Long Pitch on Paycom Software (NYSE: PAYC)

2024-09-30

The Pitch

Paycom Software (NYSE: PAYC) is a subscription-based human capital management (HCM) provider that targets 100-249 employee SMB. Paycom’s integrated solution covers all HR processes from recruitment to retirement, eliminating the need for multiple vendors. Paycom’s latest innovation Beti streamlines and consolidates payroll by requiring employees to review paychecks prior to processing.

The HCM industry is both highly competitive and fragmented, with no single dominant player in the market. Driven by constant regulatory change and evolving employment models (remote/hybrid work), the sector will grow at a 10.9% CAGR, primarily in North America. I recommend longing PAYC, currently at $169.54 after falling ~40% last year following management’s lowered revenue guidance (11.30%) because investors fear Beti over-cannibalizes revenue.
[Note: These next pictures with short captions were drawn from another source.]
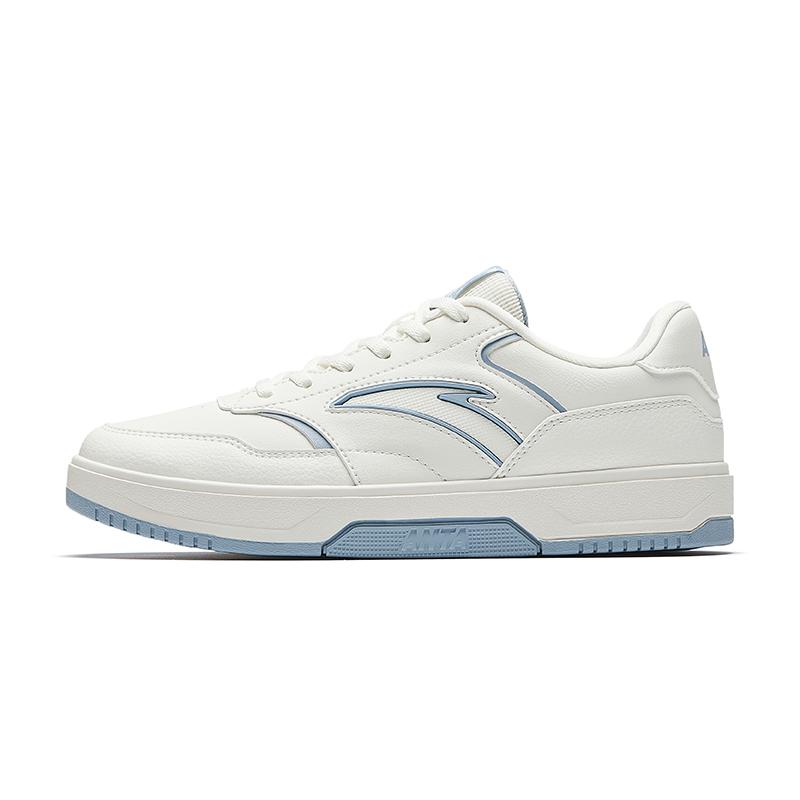 

Anta Hundred Rivers Low top Skateboard Shoes Women s White Blue 122548013-2 35.5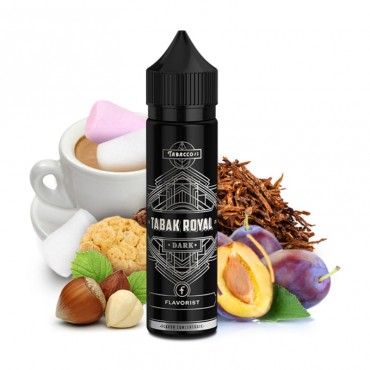 Flavorist Tabak Royal Dark Longfill Aroma 10 ml für 60 ml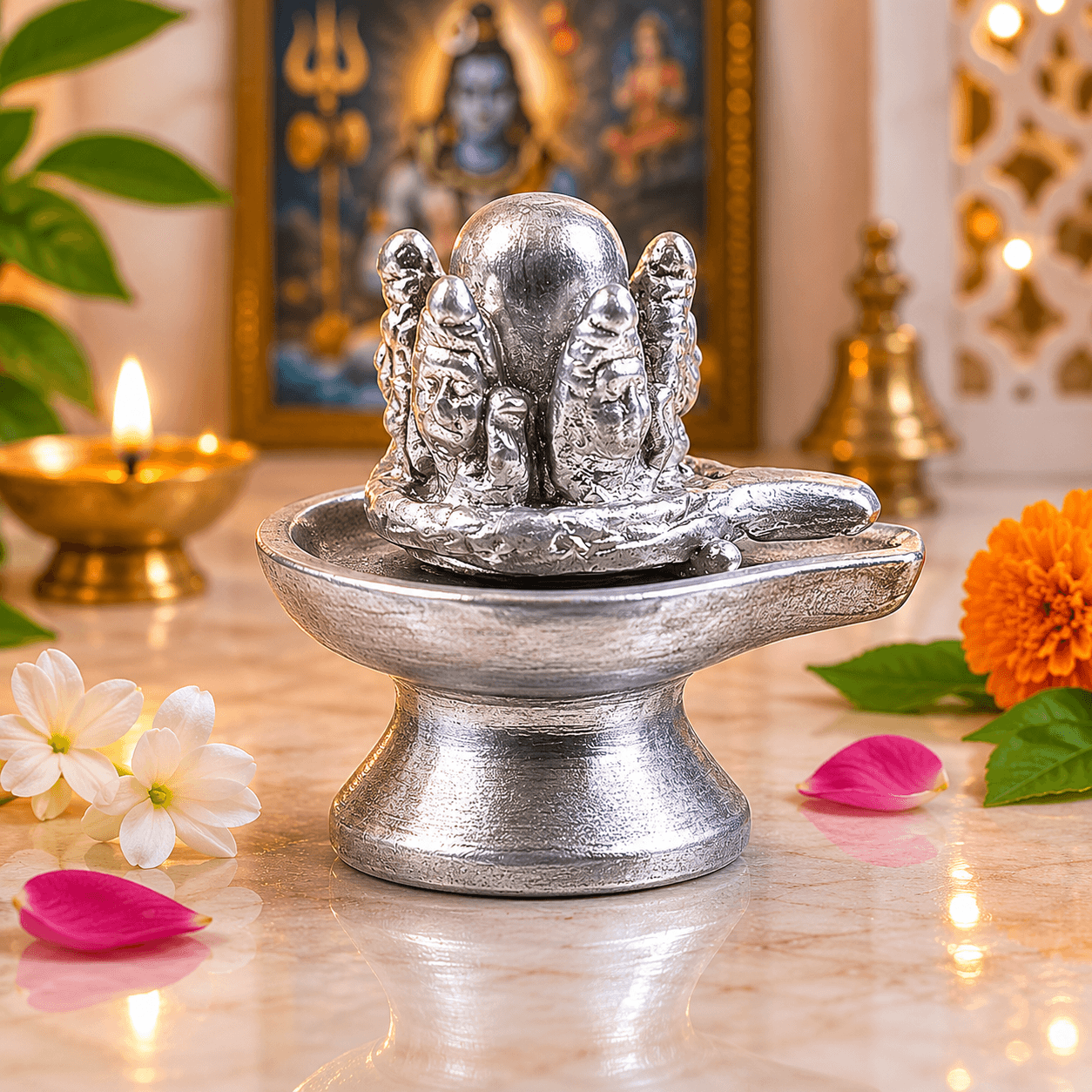Parad Panchmukhi Shivling thumbnail 2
I believe the market underappreciates Paycom’s superior, differentiated product, its strong operating leverage, and leadership in innovation.

Paycom’s integrated, closed-loop system creates a strong switching-cost moat that minimizes churn in the volatile SMB space (94% CRR and 98% recurring revenue). Unlike competitors that rely on unintegrated acquisitions, Paycom’s in-house, single-platform solution allows it to maintain industry-leading LTM EBIT/DA margins of 32.87% and 36.59%, respectively. While Beti does cannibalize near-term revenue from legacy services and billable items, it is highly margin accretive through significant SG&A reduction (down 30% YTD). Thus, despite just 14.17% LTM revenue growth, EBITDA and earnings surged 34.72% and 49.45%, respectively.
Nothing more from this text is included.